Même les notions d’habitat « intermédiaire » ou « groupé » suit cette vision binaire, en essayant d’introduire un troisième « standard », celui du milieu, tentant de concilier les avantages de la maison individuelle et ceux des formes urbaines plus denses.
Or nous avons hérité ce découpage artificiel des périodes industrielles de production de formes d’habitat par grandes opérations d’aménagement et/ou de promotion immobilière, qui ont du faire un pari, prendre un risque sur la nature de « la » demande d’habitat : un pari sur la forme et la taille des lots à aménager dans le cas d’une opération d’aménagement, puisque le découpage des lots intervient avant leur commercialisation ; un pari sur la surface et la configuration des logements dans le cas d’une opération de promotion immobilière.

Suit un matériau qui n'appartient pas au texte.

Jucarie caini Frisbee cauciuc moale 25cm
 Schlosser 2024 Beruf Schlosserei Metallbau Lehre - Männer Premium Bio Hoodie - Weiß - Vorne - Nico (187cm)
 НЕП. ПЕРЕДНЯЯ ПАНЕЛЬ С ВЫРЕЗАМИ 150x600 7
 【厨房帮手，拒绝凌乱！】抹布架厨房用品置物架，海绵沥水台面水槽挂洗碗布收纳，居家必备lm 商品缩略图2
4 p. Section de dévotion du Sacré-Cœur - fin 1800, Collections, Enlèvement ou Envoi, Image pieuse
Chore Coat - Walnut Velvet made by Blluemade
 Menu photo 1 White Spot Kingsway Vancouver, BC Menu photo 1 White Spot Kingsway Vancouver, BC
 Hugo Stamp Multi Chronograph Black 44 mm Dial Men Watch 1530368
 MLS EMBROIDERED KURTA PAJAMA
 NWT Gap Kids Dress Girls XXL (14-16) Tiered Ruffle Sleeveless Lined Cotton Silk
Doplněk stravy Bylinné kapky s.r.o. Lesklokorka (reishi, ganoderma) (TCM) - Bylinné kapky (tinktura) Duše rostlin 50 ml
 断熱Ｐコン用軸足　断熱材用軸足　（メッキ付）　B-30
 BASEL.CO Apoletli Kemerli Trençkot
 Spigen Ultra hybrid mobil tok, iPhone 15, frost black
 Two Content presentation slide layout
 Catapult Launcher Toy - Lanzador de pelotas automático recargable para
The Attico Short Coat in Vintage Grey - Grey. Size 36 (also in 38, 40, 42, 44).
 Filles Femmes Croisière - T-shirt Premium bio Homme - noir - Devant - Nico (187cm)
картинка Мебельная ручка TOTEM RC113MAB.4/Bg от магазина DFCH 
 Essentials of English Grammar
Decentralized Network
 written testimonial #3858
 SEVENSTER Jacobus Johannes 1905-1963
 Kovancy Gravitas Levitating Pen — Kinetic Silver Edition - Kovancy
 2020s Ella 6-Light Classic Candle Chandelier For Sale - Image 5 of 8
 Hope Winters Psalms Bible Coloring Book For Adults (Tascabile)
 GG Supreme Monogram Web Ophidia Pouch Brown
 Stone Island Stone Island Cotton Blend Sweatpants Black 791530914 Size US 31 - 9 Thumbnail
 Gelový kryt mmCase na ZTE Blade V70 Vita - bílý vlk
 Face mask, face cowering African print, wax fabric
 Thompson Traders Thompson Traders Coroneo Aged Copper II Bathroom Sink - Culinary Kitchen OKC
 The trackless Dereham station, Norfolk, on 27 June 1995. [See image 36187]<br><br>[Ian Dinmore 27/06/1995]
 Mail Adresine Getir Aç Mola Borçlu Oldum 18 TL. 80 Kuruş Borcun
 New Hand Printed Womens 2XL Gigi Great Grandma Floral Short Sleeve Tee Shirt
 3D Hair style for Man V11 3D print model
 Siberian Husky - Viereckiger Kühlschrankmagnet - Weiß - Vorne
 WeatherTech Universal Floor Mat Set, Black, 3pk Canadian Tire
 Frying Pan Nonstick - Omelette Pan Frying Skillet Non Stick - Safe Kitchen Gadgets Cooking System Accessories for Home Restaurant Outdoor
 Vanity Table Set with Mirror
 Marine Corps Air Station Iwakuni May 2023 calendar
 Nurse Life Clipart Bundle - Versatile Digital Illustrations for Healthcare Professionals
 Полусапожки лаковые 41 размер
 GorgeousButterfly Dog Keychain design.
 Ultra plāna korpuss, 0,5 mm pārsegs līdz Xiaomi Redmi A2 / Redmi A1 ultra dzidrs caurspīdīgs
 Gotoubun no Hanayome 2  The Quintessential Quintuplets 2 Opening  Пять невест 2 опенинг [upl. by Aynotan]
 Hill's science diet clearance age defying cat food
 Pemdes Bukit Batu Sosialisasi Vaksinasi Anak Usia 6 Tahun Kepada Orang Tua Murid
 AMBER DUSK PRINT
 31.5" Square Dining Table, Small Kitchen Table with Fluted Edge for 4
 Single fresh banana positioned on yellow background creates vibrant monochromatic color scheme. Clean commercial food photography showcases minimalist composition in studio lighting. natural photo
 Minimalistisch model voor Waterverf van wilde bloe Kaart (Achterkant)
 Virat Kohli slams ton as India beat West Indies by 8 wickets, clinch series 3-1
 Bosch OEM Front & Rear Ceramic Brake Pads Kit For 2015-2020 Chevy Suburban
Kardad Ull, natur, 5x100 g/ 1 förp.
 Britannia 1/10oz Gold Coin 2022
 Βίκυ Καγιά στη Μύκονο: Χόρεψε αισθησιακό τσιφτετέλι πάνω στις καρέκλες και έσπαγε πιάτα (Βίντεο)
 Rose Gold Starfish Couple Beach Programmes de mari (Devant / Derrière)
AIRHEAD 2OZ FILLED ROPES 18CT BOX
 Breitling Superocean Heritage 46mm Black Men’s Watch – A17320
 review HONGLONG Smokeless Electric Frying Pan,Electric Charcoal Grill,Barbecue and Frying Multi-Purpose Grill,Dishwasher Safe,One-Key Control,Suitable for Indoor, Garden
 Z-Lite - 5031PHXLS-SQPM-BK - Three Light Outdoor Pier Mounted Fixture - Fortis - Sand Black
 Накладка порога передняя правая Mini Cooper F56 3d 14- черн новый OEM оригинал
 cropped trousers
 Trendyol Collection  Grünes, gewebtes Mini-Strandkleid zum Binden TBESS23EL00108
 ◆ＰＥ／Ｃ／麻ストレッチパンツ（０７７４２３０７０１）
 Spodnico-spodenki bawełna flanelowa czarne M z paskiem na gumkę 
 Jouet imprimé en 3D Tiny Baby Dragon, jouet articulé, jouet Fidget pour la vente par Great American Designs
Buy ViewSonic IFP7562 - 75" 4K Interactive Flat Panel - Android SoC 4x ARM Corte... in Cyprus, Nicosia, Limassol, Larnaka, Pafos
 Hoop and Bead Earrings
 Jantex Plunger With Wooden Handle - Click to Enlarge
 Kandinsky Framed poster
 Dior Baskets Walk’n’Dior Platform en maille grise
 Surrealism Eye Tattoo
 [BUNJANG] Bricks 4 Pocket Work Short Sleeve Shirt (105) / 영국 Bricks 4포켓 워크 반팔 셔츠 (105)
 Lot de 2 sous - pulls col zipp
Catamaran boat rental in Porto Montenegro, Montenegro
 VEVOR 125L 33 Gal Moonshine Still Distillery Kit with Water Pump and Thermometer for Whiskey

Si ce pari sur une demande « moyenne » a pu avoir un sens des années 1960 aux années 2000, il devient de plus en plus évident que c’est aujourd’hui une multitude de situations et de profils différents qui constituent les particuliers désireux de faire bâtir leur résidence principale, malgré des outils (lotissements et immeubles en promotion) qui continuent, encore, par leur nature même, à faire le pari d’une offre moyenne, qui trouve de plus en plus difficilement preneur.